WORK TO BE COMPLETED => Copy each line below exactly as it appears. Pictures are to be omitted.

DATA BLOCK =>
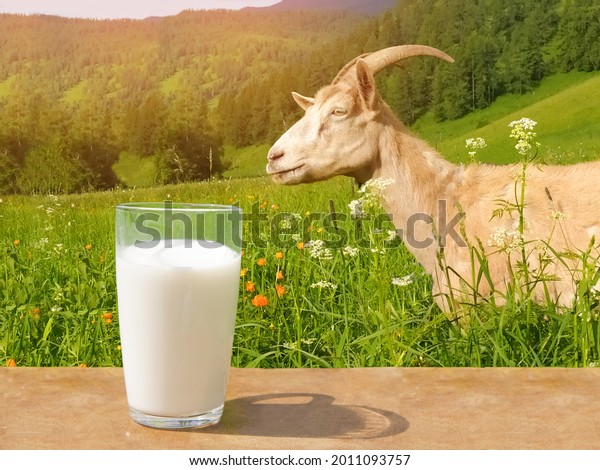 A glass of goat milk on a wooden\
table and a white goat in the Altai mountains in\
summer.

SOLUTION TO THIS TASK =>
 A glass of goat milk on a wooden\
table and a white goat in the Altai mountains in\
summer.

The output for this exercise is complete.